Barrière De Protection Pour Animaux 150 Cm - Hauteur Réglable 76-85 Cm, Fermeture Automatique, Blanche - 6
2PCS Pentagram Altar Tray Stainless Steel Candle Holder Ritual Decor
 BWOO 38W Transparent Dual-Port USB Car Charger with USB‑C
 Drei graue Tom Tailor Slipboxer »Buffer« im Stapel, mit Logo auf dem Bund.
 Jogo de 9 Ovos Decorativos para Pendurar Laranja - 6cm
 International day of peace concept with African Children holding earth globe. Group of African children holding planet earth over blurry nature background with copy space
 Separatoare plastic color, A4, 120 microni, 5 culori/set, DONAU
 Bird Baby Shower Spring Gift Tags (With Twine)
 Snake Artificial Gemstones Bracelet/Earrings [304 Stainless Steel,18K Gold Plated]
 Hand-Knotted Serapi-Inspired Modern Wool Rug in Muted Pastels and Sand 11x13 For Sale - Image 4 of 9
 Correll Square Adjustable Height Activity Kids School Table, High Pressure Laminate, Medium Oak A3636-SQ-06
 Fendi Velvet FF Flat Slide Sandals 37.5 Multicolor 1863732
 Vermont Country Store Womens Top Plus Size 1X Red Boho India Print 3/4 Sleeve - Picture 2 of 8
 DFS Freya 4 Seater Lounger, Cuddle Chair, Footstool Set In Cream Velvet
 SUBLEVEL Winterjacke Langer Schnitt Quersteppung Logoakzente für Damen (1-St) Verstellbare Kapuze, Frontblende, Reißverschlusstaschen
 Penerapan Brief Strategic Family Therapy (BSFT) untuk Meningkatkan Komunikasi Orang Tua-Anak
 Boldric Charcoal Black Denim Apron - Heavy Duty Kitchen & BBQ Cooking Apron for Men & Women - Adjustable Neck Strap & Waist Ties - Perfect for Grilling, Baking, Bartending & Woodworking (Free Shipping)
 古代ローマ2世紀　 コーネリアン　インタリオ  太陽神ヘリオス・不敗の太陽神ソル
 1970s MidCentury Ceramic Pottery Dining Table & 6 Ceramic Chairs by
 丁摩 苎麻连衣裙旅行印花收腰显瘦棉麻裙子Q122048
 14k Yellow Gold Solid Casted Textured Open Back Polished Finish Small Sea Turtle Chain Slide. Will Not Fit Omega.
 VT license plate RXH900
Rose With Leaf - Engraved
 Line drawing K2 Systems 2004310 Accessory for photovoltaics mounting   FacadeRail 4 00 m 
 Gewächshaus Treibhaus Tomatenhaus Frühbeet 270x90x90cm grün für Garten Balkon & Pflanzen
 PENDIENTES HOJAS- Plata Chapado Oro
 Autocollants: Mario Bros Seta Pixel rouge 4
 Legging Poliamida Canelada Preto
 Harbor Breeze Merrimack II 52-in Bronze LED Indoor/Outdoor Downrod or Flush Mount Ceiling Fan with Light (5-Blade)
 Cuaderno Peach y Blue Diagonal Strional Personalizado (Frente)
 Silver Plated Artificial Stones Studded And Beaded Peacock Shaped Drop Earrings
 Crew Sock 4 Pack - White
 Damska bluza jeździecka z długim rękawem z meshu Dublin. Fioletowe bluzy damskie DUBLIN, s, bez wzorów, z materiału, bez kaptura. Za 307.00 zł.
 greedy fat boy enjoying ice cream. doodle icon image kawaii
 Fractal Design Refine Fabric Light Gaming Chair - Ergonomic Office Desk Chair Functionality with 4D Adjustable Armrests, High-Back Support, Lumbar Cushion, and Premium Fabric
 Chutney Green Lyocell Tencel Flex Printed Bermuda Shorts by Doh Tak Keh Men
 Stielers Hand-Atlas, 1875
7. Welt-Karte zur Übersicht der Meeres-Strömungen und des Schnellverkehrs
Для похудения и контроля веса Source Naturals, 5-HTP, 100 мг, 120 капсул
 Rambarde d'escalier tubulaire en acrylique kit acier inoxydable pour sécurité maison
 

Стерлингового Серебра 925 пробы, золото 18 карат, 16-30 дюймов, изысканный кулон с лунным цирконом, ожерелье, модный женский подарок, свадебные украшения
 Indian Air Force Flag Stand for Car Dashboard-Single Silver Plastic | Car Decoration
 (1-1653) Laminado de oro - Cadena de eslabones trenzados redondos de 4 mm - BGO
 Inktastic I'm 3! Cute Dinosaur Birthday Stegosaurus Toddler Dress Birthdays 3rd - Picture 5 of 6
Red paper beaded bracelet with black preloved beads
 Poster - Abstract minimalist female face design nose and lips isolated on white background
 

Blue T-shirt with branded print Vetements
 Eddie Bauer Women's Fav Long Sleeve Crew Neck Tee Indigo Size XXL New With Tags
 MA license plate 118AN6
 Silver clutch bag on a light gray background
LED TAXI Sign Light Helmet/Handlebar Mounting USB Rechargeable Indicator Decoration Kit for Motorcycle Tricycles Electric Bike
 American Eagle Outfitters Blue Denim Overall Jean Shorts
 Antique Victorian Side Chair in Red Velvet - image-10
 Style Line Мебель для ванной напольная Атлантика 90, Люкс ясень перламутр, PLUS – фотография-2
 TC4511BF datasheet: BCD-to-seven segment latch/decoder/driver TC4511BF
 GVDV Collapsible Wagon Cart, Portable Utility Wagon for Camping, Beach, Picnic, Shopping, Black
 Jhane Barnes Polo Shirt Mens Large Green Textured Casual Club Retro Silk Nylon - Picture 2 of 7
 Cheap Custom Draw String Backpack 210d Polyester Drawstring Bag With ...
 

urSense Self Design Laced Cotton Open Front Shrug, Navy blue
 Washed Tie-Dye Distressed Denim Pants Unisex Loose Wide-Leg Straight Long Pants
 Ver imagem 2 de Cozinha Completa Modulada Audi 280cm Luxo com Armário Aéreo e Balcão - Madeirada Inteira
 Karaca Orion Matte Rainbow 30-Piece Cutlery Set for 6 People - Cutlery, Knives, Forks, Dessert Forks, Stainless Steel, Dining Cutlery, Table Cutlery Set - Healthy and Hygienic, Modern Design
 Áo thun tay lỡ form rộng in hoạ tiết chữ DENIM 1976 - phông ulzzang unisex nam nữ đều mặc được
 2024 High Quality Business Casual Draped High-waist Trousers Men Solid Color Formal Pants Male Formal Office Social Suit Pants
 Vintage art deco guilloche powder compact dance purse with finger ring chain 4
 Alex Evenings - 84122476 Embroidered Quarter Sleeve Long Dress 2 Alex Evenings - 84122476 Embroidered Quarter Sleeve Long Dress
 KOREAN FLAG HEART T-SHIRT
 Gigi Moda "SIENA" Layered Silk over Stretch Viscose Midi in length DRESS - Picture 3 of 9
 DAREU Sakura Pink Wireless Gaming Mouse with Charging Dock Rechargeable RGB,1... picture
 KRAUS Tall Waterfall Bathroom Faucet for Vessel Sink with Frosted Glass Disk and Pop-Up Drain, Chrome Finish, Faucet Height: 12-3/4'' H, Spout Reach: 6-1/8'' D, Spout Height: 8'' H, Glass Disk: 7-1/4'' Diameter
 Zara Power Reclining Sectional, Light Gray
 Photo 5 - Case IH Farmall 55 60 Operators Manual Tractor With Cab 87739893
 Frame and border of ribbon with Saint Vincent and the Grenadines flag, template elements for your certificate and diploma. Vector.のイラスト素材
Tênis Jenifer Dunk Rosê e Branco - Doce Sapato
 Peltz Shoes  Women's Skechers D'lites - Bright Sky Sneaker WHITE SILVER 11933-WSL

### Activity
Copy each line from the records above that includes the string "Finish".

### Reply
 14k Yellow Gold Solid Casted Textured Open Back Polished Finish Small Sea Turtle Chain Slide. Will Not Fit Omega.
 KRAUS Tall Waterfall Bathroom Faucet for Vessel Sink with Frosted Glass Disk and Pop-Up Drain, Chrome Finish, Faucet Height: 12-3/4'' H, Spout Reach: 6-1/8'' D, Spout Height: 8'' H, Glass Disk: 7-1/4'' Diameter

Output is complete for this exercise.